The main target audience for this book is programmers who want to learn to program in Scala. If you want to do your next software project in Scala, then this is the book for you. In addition, the book should be interesting to programmers wishing to expand their horizons by learning new concepts. If you're a Java programmer, for example, reading this book will expose you to many concepts from functional programming as well as advanced object-oriented ideas. We believe learning about Scala, and the ideas behind it, can help you become a better programmer in general.

General programming knowledge is assumed. While Scala is a fine first programming language, this is not the book to use to learn programming.

On the other hand, no specific knowledge of programming languages is required. Even though most people use Scala on the Java platform, this book does not presume you know anything about Java. However, we expect many readers to be familiar with Java, and so we sometimes compare Scala to Java to help such readers understand the differences.

How to use this book

Because the main purpose of this book is to serve as a tutorial, the recommended way to read this book is in chapter order, from front to back. We have tried hard to introduce one topic at a time, and explain new topics only in terms of topics we've already introduced. Thus, if you skip to the back to get an early peek at something, you may find it explained in terms of concepts you don't quite understand. To the extent you read the chapters in order, we think you'll find it quite straightforward to gain competency in Scala, one step at a time.

If you see a term you do not know, be sure to check the glossary and the index. Many readers will skim parts of the book, and that is just fine. The glossary and index can help you backtrack whenever you skim over something too quickly.

After you have read the book once, it should also serve as a language reference. There is a formal specification of the Scala language, but the language specification tries for precision at the expense of readability. Although this book doesn't cover every detail of Scala, it is quite comprehensive and should serve as an approachable language reference as you become more adept at programming in Scala.

How to learn Scala

You will learn a lot about Scala simply by reading this book from cover to cover. You can learn Scala faster and more thoroughly, though, if you do a few extra things.
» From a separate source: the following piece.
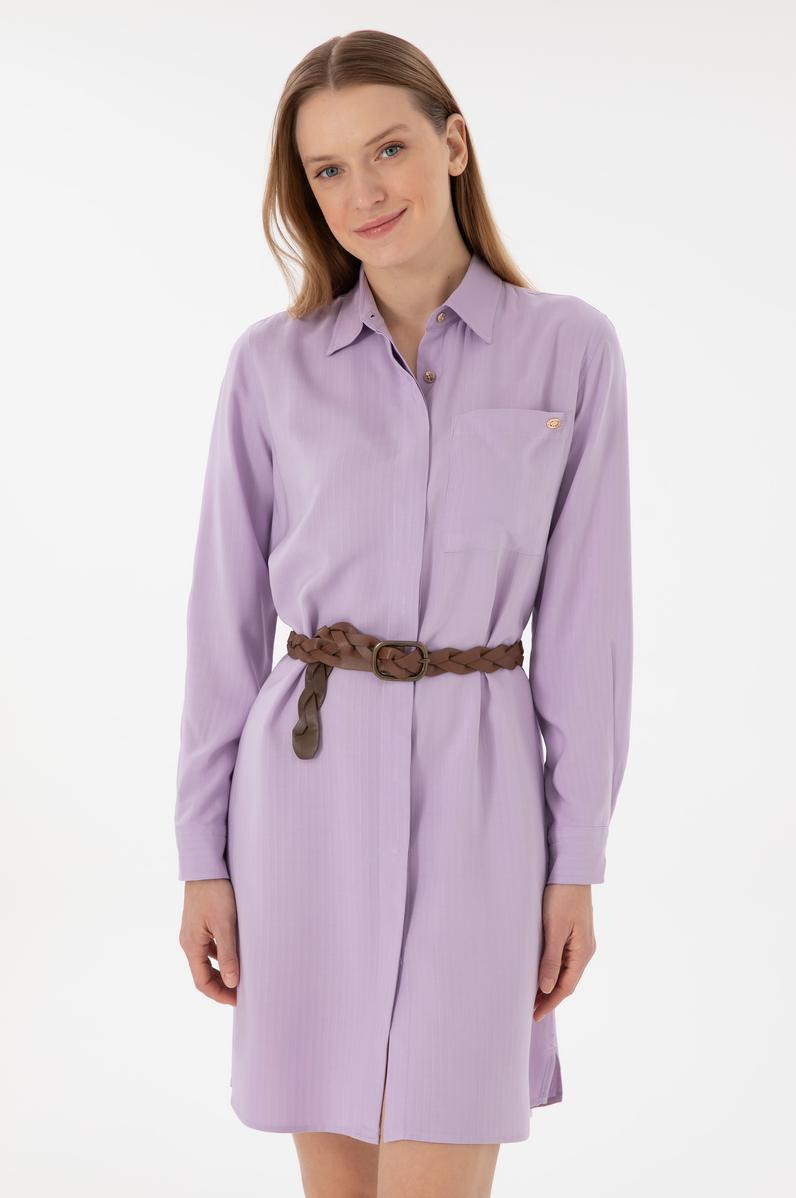 Kadın Lila Mini Boy Dokuma Elbise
First of all, you can take advantage of the many program examples included in the book. Typing them in yourself is a way to force your mind through each line of code. Trying variations is a way to make them more fun and to make sure you really understand how they work.
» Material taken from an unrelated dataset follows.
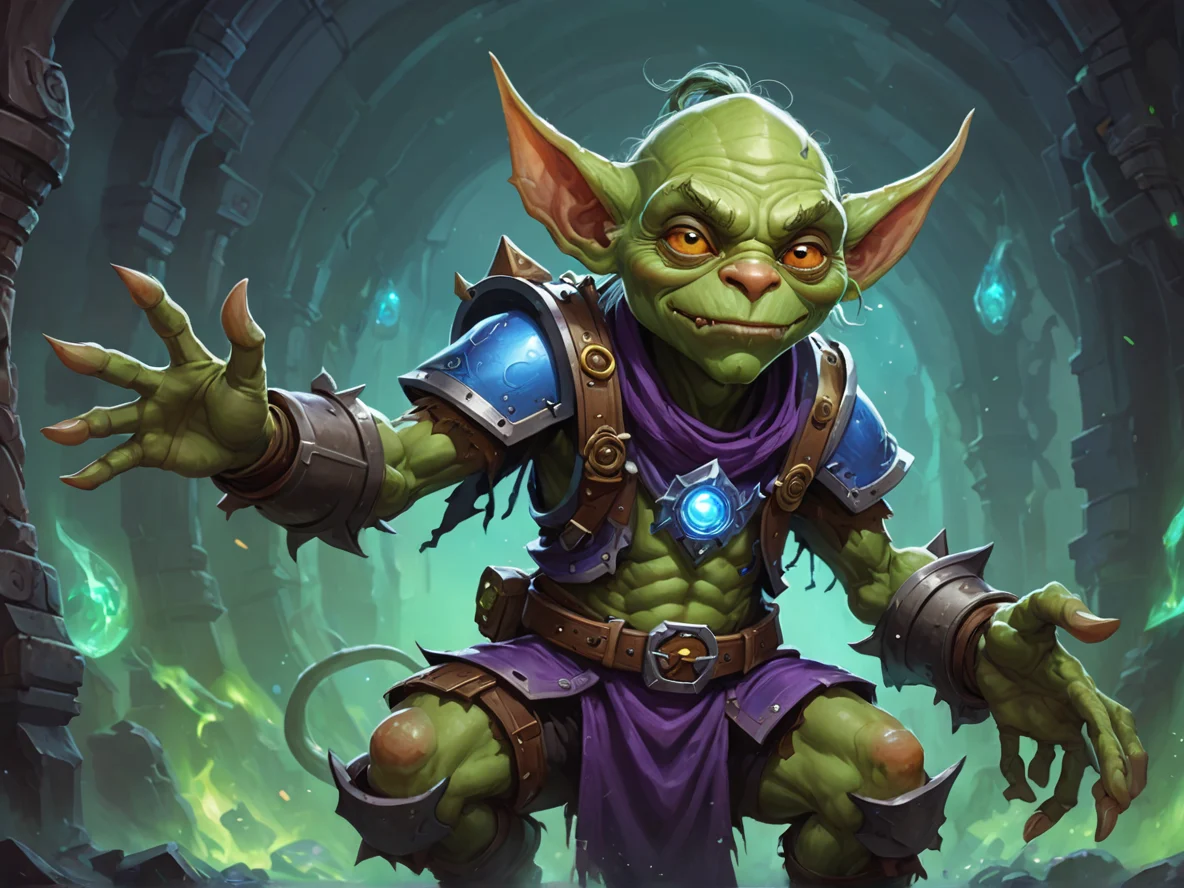 Void-touched (Goblin:1.1), Engineer, Magical bracelet floating around the wrist, waist-up shot, weak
Second, keep in touch with the numerous online forums. That way, you and other Scala enthusiasts can help each other. There are numerous mailing lists, discussion forums, a chat room, a wiki, and multiple Scala-specific article feeds. Take some time to find ones that fit your information needs. You will spend a lot less time stuck on little problems, so you can spend your time on deeper, more important questions.

Finally, once you have read enough, take on a programming project of your own. Work on a small program from scratch, or develop an add-in to a larger program. You can only go so far by reading.

EBook features

This book is available in both paper and PDF eBook form. The eBook is not simply an electronic copy of the paper version of the book. While the content is the same as in the paper version, the eBook has been carefully designed and optimized for reading on a computer screen.
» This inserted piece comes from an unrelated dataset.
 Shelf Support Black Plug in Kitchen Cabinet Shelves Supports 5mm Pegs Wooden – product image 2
The first thing to notice is that most references within the eBook are hyperlinked. If you select a reference to a chapter, figure, or glossary entry, your PDF viewer should take you immediately to the selected item so that you do not have to flip around to find it.

Additionally, at the bottom of each page in the eBook are a number of navigation links. The "Cover," "Overview," and "Contents" links take you to the front matter of the book. The "Glossary" and "Index" links take you to reference parts of the book. Finally, the "Discuss" link takes you to an online forum where you discuss questions with other readers, the authors, and the larger Scala community. If you find a typo, or something you think could be explained better, please click on the "Suggest" link, which will take you to an online web application where you can give the authors feedback.

Although the same pages appear in the eBook as the printed book, blank pages are removed and the remaining pages renumbered. The pages are numbered differently so that it is easier for you to determine PDF page numbers when printing only a portion of the eBook. The pages in the eBook are, therefore, numbered exactly as your PDF viewer will number them.

Typographic conventions

The first time a term is used, it is italicized. Small code examples, such as x + 1, are written inline with a mono-spaced font. Larger code examples are put into mono-spaced quotation blocks like this:

  def hello() {
    println("Hello, world!")
  }
When interactive shells are shown, responses from the shell are shown in a lighter font.
  scala> 3 + 4
  res0: Int = 7

Content overview

Resources

At http://www.scala-lang.org, the main website for Scala, you'll find the latest Scala release and links to documentation and community resources. For a more condensed page of links to Scala resources, visit the website for this book: http://booksites.artima.com/programming_in_scala. To interact with other readers of this book, check out the Programming in Scala Forum, at: http://www.artima.com/forums/forum.jsp?forum=282.

Source code

You can download a ZIP file containing the source code of this book, which is released under the Apache 2.0 open source license, from the book's website: http://booksites.artima.com/programming_in_scala.

Errata

Although this book has been heavily reviewed and checked, errors will inevitably slip through. To see a (hopefully short) list of errata for this book, visit http://booksites.artima.com/programming_in_scala/errata. If you find an error, please report it at the above URL, so that we can be sure to fix it in a future printing or edition of this book.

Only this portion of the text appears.